O Seminaire de 1969-1970 iniciase em 26 de novembro de 1969 na Faculdade de Direito, ainda com os rescaldos do fogo das batalhas de junho na Escola Normal Superior. Era um âmbito universitário diferente, sem lugar a dúvidas, mas, como o próprio Lacan anunciou, já na primeira das "aulas", "lições" ou "conferências" (que são os três nomes que utiliza para se referir ao que ele fazia ali), mais um dos seus "desplazamentos" (Lacan, 1969-1970/1992, p. 9). A relação entre o ensino de Lacan (seus conteúdos, seus objetivos, sua forma) e a Universidade, adquirem assim, por via de um insight dele próprio, um sentido profundamente deslocado, ou seja: fora do lugar, ou em relação metonímica. Seu ensino estava fora de lugar em Sainte-Anne, espaço do ensino médico que ele não iria oferecer, mas também fora da Escola Normal Superior, lugar de outros ensinos: mesmo se os normalistas são os que sabem muito bem que não é preciso saber alguma coisa para ensiná-la (de acordo com o aforismo do próprio Lacan, 1969-1970/1992, p. 25), o seu ideal de ensino aproximava-se tristemente ao dos anagnostas (escravos romanos que eram obrigados a ler em voz alta durante os banquetes).
Não estou interessado nem na anedota, muito menos na "fofoca" acadêmicas, até pelo simples fato de que referem a circunstâncias acontecidas faz mais de quatro décadas, em uma França e uma universidade francesa que mudaram bastante no decorrer dos anos.

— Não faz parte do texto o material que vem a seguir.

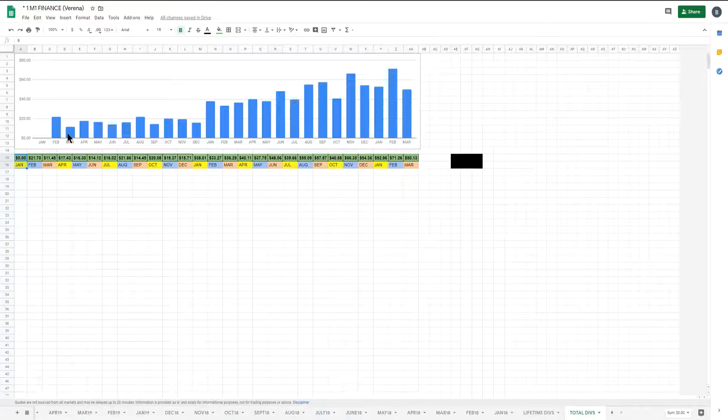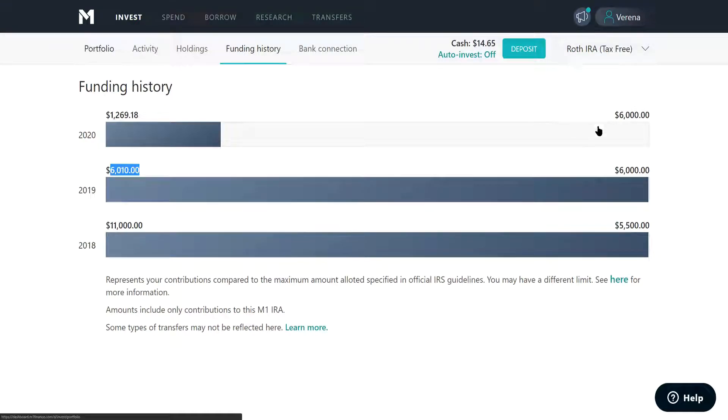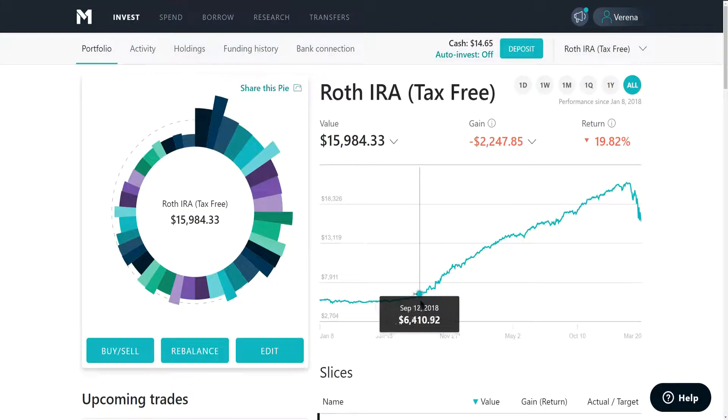Last month dividends paid me $71.26, the month before $52.96, the month before that $54.36, and this month so far we've generated $50.13 — so we're making anywhere from $50 to $70 of just straight dividends every single month. In my first year on M1 Finance, I deposited $5,500 and the market tanked a little in February, so I held off. It wasn't until October/November 2018 when the market really took a dip that I started adding more equity aggressively.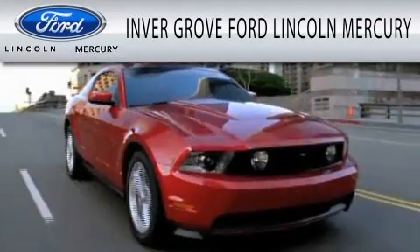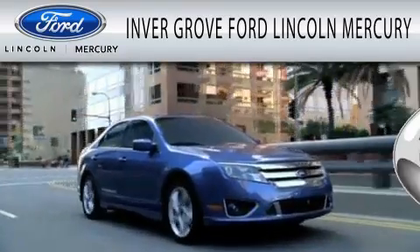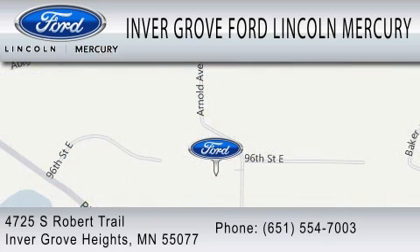Invergrove Ford Lincoln Mercury is dedicated to doing everything possible to ensure that the experience you have selecting your vehicle is as pleasant as possible. We are located at 4725 South Robert Trail in Invergrove Heights.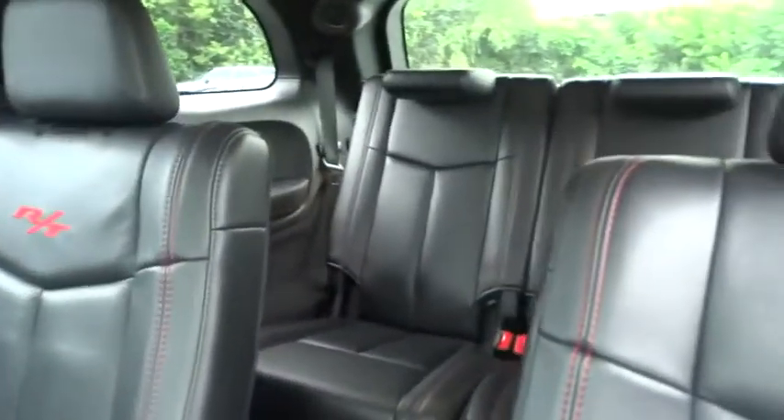This isn't just a vehicle — it's an experience, so stop in for a test drive today.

Incluo aqui a lembrança daqueles fatos, porque acredito que neles podemos situar algumas claves complementares ao respeito das versões possíveis da noção de ensino universitário. Só pelo fato de falar em "ensino", de utilizar esse nome comum, estamos implicando uma dimensão discursiva complexa, que pode cair facilmente nas nuances da "professoridade" corriqueira, mais ou menos interessantes, porém "inmateriais". Mesmo assim, se escutamos materialmente o que esse discurso acarreta, é possível identificar os nós estruturais que o determinariam, ou, em outros termos, sua composição teórica. As necessárias distâncias entre o anedotário e a teoria parecem, não obstante, receber atualmente pouca autorização no campo do ensino, devido, talvez, às notórias tendências pragmatistas que acabaram por ser uma das suas características mais preocupantes.
A questão teórica do ensino universitário
A teoria do ensino, iniciada nas discussões entre os "filósofos" e os "sofistas" durante os séculos V e IV a.C., e sempre reformulada ao longo dos séculos até chegar a suas construções próprias do século XIX, precede historicamente à psicanálise. Quando Freud começou a construir um ponto de vista novo, que afetaria posteriormente todo o campo humanístico, já se deparava com aquela tradição ancestral inseparável, entre outras, da filosofia, da teoria do conhecimento, da epistemologia, e das outras discursividades referidas ao humano. Além do mais, a construção histórica da psicanálise é temporalmente paralela à das disciplinas que no século XX abrangeram a questão do ensino: a "pedagogia", a didática, a psicologia da educação, a psicopedagogia, a teoria curricular etc. Por conseguinte, é importante que prestemos atenção aos parâmetros que foram possíveis para definir "ensino" e "ensino univérsitario" no discurso inerente à teoria do ensino.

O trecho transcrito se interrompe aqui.